Chloe: I met Adam Egoyan in Toronto and he told me this (underrated) film of his was a devilish turn on eroticism – to paraphrase. That is Chloe. One that hinges on a lecherous gaze, convoluted narrative, and ambiguous storytelling. None of the characters ever earn the credence to be liked inasmuch trusted. Excluding the ending, Chloe is a delicate yet exciting film that pounces on your expectations and explains most prominently: Chloe does not find something to love in everybody, but something to obsess about. The audiences were not smiling at this film, but I'm sure Hitchcock would. Nevertheless, I scoffed in discord when a critic remarked about the film: "You can call it fromage but it's still cheese."
The American: This is a samurai movie. Its feel is rigid, suspenseful, but graced with Zen. Referring to such films like Melville's Le Samourai or Jarmusch's Limits of Control, The American is a restrained drama, wrongly advertised as an 'action' film. Constant blather against the film has been "boring", "dumb", "pretentious", and "Clooney tunes on mute" – okay I made that one up. But never have I seen such a handsome, suave, and reputable actor like George Clooney been constrained to a character who actually sits and thinks instead of running with his hand on the trigger all the time. Anton Corbijn, who directed the excellent Control, shoots The American with a gloomy, poetic style. But this is not exhibition; this is a drama that's suspense grips us past our own control.
Love & Other Drugs: Contrasting the other two, Zwick's dramedy Love & Other Drugs is not a great movie, but it is thoroughly enjoyable and stretching for the mainstream audience. It made only 44 million worldwide on a 30 million dollar budget, which may be a factor of the amount of risks the film takes. It has side bits of dimwitted slapstick, but hurdles past those loop holes to some sincere drama that makes these characters thinking organisms and not mechanisms of a contrived plot. Gyllenhaal is such a talented and diverse actor, who reminded me of a hip Jerry Maguire.

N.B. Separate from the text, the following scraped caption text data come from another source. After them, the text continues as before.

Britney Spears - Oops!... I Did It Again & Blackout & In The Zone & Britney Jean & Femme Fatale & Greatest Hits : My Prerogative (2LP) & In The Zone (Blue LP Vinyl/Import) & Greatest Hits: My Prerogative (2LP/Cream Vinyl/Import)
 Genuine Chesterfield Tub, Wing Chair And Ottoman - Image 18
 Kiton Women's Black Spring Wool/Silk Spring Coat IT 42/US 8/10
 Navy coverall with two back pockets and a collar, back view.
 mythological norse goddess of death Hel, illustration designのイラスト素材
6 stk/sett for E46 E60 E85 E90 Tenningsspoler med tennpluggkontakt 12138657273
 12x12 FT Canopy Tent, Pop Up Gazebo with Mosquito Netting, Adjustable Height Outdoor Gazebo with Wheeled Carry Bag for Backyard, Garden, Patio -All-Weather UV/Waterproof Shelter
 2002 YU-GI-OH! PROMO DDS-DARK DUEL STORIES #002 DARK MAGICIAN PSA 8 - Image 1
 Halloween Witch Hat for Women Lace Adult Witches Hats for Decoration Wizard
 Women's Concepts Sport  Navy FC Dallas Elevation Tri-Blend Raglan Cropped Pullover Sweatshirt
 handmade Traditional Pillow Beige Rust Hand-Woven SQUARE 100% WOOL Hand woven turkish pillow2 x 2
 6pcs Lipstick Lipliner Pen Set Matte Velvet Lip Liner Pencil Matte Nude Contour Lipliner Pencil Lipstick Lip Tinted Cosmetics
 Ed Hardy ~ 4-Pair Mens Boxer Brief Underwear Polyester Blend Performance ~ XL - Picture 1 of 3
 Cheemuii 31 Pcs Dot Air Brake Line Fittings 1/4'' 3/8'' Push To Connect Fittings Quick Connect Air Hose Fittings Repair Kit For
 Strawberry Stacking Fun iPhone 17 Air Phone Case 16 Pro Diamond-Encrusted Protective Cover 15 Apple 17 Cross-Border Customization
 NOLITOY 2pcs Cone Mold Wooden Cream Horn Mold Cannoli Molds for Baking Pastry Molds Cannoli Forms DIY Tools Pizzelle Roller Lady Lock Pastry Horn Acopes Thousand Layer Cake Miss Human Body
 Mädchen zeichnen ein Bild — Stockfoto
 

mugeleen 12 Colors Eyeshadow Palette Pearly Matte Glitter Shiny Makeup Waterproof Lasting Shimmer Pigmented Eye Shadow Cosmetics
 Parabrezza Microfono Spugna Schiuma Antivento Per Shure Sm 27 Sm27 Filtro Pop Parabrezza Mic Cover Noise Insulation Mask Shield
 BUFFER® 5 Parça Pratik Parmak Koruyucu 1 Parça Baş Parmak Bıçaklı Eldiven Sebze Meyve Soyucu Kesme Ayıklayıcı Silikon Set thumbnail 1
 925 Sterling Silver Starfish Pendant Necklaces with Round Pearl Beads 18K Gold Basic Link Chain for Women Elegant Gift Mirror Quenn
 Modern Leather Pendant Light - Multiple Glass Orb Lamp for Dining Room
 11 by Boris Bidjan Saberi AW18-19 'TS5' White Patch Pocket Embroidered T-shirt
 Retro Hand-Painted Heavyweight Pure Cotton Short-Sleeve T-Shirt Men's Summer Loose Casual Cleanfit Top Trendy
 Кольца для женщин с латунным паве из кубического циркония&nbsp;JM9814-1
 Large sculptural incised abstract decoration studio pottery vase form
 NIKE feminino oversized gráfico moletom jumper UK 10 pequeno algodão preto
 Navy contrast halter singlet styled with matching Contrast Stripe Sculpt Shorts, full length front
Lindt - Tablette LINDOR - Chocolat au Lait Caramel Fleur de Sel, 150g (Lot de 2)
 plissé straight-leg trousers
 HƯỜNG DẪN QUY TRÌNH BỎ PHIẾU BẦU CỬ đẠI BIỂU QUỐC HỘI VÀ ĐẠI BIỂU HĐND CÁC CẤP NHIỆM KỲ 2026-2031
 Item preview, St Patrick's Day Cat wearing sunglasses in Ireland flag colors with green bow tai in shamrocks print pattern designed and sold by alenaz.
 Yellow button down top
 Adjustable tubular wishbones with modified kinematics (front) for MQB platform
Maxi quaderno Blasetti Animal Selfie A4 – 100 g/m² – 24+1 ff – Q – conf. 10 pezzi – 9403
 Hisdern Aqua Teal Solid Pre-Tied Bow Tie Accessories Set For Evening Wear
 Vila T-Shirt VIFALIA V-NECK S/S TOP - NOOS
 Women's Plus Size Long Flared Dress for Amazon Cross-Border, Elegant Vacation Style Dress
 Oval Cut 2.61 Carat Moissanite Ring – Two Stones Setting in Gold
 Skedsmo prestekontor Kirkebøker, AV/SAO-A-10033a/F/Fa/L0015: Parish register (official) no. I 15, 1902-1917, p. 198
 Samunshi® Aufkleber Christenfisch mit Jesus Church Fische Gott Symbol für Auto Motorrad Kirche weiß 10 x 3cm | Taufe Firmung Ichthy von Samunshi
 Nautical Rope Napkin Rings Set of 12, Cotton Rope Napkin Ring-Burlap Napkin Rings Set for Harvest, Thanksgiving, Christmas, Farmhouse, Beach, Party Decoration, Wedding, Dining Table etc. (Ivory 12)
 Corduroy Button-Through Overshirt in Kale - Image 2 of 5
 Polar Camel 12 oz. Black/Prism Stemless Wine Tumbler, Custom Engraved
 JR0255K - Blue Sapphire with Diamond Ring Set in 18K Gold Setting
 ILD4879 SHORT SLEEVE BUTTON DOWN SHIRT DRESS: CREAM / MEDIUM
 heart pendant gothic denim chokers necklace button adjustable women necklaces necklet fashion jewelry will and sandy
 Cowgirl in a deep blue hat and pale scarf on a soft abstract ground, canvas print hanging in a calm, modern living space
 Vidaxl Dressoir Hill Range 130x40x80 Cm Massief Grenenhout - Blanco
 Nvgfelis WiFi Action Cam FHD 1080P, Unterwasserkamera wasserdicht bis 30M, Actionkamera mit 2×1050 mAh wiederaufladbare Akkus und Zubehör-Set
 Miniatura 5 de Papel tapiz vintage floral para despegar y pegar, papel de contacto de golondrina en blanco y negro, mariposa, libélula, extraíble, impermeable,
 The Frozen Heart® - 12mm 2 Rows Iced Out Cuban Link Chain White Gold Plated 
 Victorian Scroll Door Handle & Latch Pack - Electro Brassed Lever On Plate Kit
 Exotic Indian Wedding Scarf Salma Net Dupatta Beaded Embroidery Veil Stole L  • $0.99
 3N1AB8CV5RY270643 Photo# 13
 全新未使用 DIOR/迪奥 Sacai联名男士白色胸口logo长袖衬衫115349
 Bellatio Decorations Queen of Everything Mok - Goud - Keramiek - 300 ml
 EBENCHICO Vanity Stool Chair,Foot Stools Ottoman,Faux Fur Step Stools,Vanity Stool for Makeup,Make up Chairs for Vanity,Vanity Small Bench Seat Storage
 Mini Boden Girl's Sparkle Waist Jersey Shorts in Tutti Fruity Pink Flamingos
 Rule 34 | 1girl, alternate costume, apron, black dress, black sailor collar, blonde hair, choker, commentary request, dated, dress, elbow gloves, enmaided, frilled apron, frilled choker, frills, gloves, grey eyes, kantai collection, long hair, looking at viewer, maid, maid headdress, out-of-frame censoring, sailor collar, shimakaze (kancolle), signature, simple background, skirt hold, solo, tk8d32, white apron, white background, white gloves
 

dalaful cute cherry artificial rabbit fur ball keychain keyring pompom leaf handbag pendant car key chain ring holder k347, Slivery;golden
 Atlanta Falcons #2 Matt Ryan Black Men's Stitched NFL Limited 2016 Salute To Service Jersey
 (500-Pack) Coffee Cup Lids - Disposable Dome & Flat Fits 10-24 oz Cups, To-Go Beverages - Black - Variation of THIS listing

You know what? I liked this more than Jerry Maguire, because Love & Other Drugs focuses just as much on those "other drugs" – the main character's addiction to talking the talk through life. His love (played by Anne Hathaway) simply shows him walking the walk.
Flipped: Where did this film run off to? I saw the trailer when I went to see the Karate Kid. That made a bundle, but this is a superior, one-hour shorter coming-of-age love story that went under the radar and out into oblivion. It is narrated adorably: from both the boy's and girl's point of view, in which we receive an objective crush. It goes off in crazy directions, but Rob Reiner is so familiar with the mannerisms of children but he never exploits children as delinquents, but the flawed learning kind occupied by their parents – who are just as erratic as they are. I smiled the whole way through, but lamented after because it made barely 1 million dollars worldwide. Another charmer gone to waste.
You Don't Know Jack: Understandably this film was overlooked since it only played on HBO for a few weeks. But this film, about euthanasia activist, pathologist Jack Kevorkian (the dazzling, should-be-Oscar-worthy Al Pacino) who quarrelled with the government on the verity of euthanasia. It won't necessarily change your disposition on euthanasia but it will force you to wear your thinking hat. This film is long, but enjoyably so, and intriguing the more and more it develops. I wish more people saw it and if not, choose to rent it now. What you will receive is a film directed by a political connoisseur Barry Levinson (Wag The Dog – good film) whose most assertive and apt skill in cinema is satire. This one is satirical but fiercely important in its message.